La muerte de las personas migrantes se ha convertido en un amortizado más en una burocrática y dividida UE, que ha olvidado su propia historia y está cada vez más ubicada en espacios ideológicos alejados de sus principios fundacionales y priorizando un modelo neoliberal que expolia a las personas y a los recursos naturales de las tierras y países de origen de buena parte de esas personas que acaban ahogadas en el mar, muertas en desiertos y apaleadas y abandonadas en las mugas europeas. La inmigración procedente del norte de África es un fenómeno para el que la UE no tiene respuestas. El asunto forma parte de la trastienda de las políticas comunes, más volcadas a la gestión estratégica de la economía común, la batalla geopolítica internacional y la definición de la batalla por las condiciones que determinen el funcionamiento del mercado neoliberal.
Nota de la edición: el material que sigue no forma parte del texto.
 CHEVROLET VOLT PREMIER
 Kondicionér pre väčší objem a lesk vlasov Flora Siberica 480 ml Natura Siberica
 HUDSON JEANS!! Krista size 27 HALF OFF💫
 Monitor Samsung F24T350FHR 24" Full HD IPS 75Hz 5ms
La vergüenza humanista y democrática ante las sucesivas tragedias no es suficiente para mover a una acción conjunta europea, que se limita a militarizar los mares y las fronteras, muchas veces con mercenarios que ejercen de asesinos, y a pagar a países donde los derechos humanos son un mito como Turquía, Túnez o Marruecos a cambio de que eso que consideran mercancía humana no alcance las fronteras de la UE. El camino debería ser el contrario, afrontar el problema con un doble criterio: paliativo en términos humanitarios y de corresponsabilidad en el desarrollo de los países de origen.